Here objects near in space are placed in near primary or
secondary storage. Often used in N-body tree codes,
also in adaptive mesh refinement strategies for solving systems
of PDEs, e.g., for geophysical fluid dynamics.
Dragon curve.
Program
Dragon.java reads in a command line parameter
N and plots the order N dragon curve using turtle graphics.
The dragon curve was first discovered by three NASA physicists (John E. Heighway, Bruce A.
Banks, and William G. Harter) and later popularized by Martin Gardner in Scientific
American (March and April 1967) and Michael Crichton in Jurassic Park.
This is a sophisticated program that uses two mutually recursive functions.
Explain how it works here.
Program SequentialDragon.java is an
iterative version of the dragon curve. It is a hacker's paradise.
Explain how it works here.
A spectacularly inefficient program.
Program SlowFibonacci.java takes a command
line parameter N and prints out the first N Fibonacci numbers. It is
spectacularly inefficient.
To see why, consider what the function does to
compute F(8) = 21. It first computes F(7) = 13 and F(6) = 8.
To compute F(7), it recursively computes F(6) and F(5) = 5.
It's important to observe that
F(6) is computed twice - the result is not stored so it must be recomputed
from scratch. This does not see so bad, but things rapidly get worse.
F(5) is computed three times; F(4) is computed five times; and F(3)
is computed eight times, and so forth.
The figure below shows the complete recursion tree when computing F(8).

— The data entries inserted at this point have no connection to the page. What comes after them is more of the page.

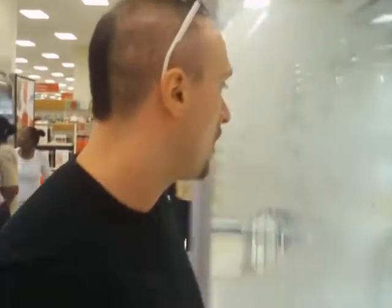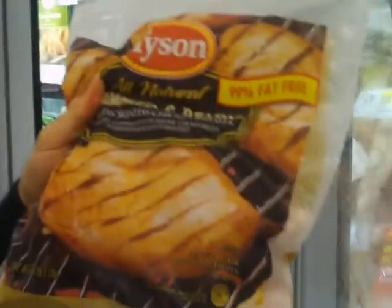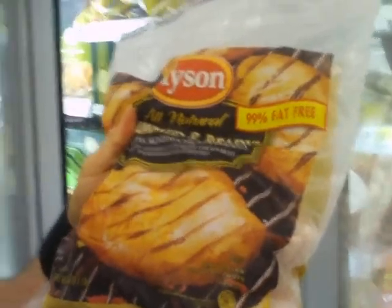Hey, this is Mitch Lee from FitFigure Bootcamp and FitFigureTV.com and I'm in the frozen section. I just want to show you something real quick. I'm not talking about anything fried or anything that says crispy on it. I'm talking about regular old-fashioned boneless skinless chicken breasts — no fat, just a boatload of chicken and protein.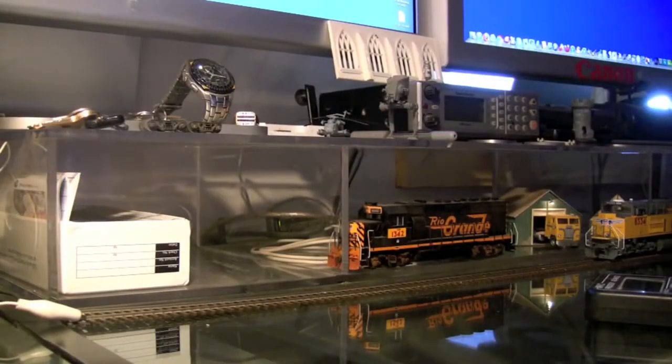Hey guys, today I want to show you the Athern Genesis SD70 ACE. I've had mine for a while and I actually pulled it out of the box once just to check it out, but other than that it's been back in the box, just kind of sitting for a little while, so I thought I'd finally pull it out and show you guys.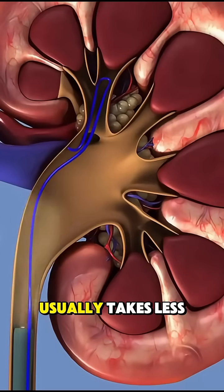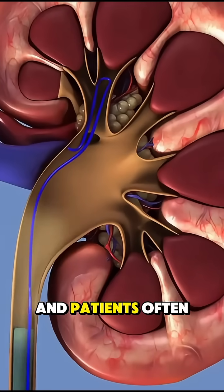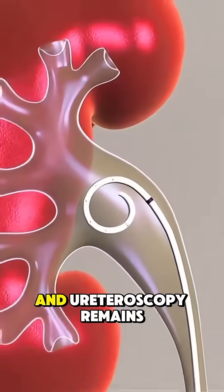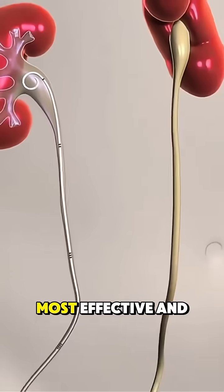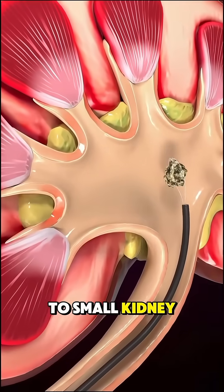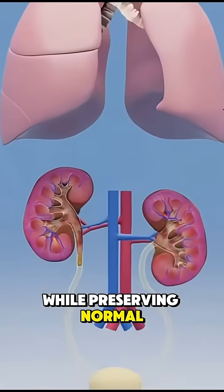The entire surgery usually takes less than an hour, and patients often return home the same day. With no incisions, recovery is quick, and ureteroscopy remains one of the most effective and safest methods for treating medium to small kidney stones while preserving normal urinary function.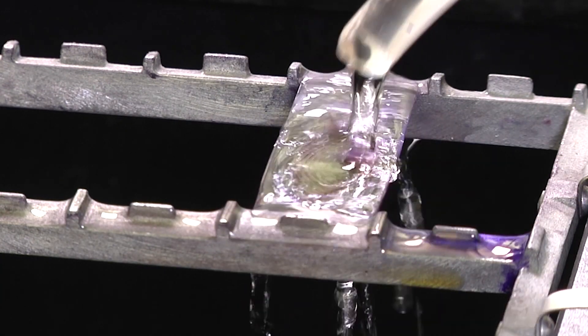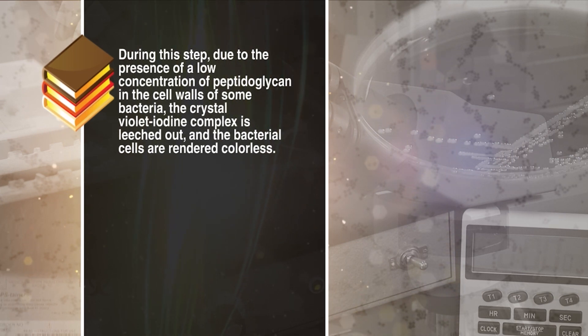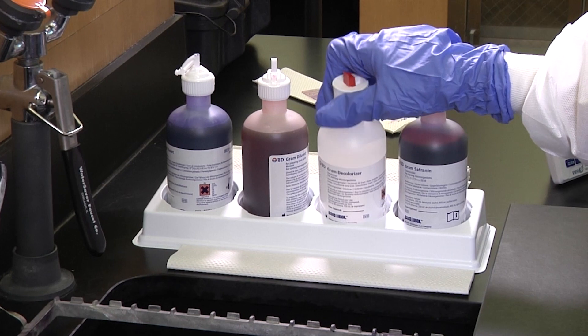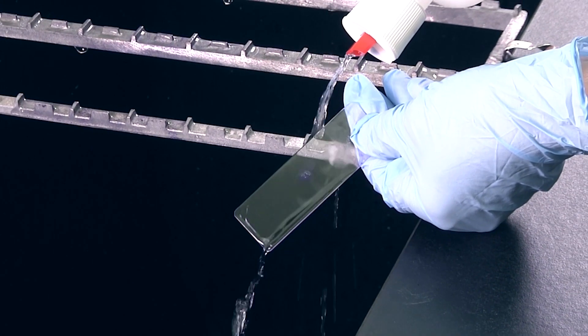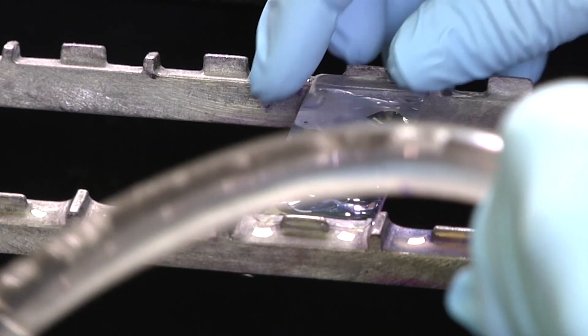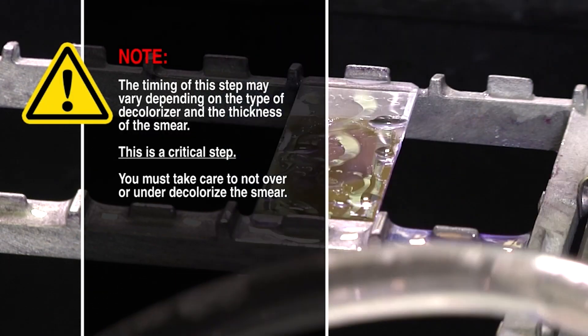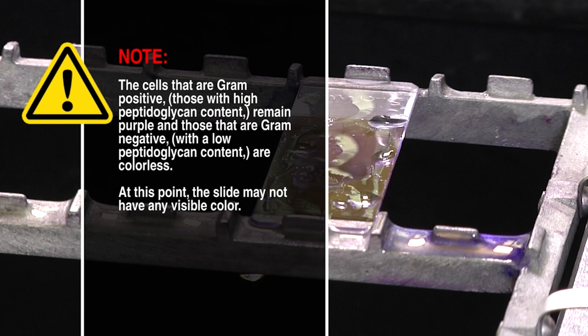The next step in the procedure is adding the decolorizer. There are other types of decolorizers that can be used, so check with your lab's protocol. During this step, due to the presence of a low concentration of peptidoglycan in the cell walls of some bacteria, the crystal violet iodine complex is leached out and the bacterial cells are rendered colorless. Hold the slide at an angle and pour or drip the decolorizer down the slide until the runoff is clear. This may take only a few seconds. Immediately rinse the slide with water to stop decolorization. Please note, the timing of this step may vary depending on the type of decolorizer and the thickness of the smear. This is a critical step — you must take care not to over or under decolorize the smear. Cells that are gram positive, those with high peptidoglycan content, remain purple. And those that are gram negative, with a low peptidoglycan content, are colorless. At this point, the slide may not have any visible color.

In general F(n) is computed F(N-n) times. As an example, to compute F(200),
F(1) is computed F(199) > 1.73 * 1041 times! No imaginable
computer will ever be able to do this many calculations.
Recursion vs. iteration.
Are there situations when we need recursion? No, any recursive
function can be replaced by an iterative counterpart. In
Section XYZ, we'll explain how a compiler implements a function
call by using a data structure called a pushdown stacks.
Conversely, we can convert any iterative
program to one that uses recursion instead.
Lessons
-
Use a base case to avoid an infinite loop.
-
Methods can call other methods including themselves.
-
It's easy to write spectacularly inefficient recursive programs if you're
not careful.
-
Recursion is an alternate to for and while loops for
performing repetitive computations.
-
Recursive functions are especially useful when either
the underlying data structure (binary trees, Unix directories) or
the underlying algorithmic paradigm (divide-and-conquer)
are naturally self-referential.
Q + A
Q. What does the following error message mean?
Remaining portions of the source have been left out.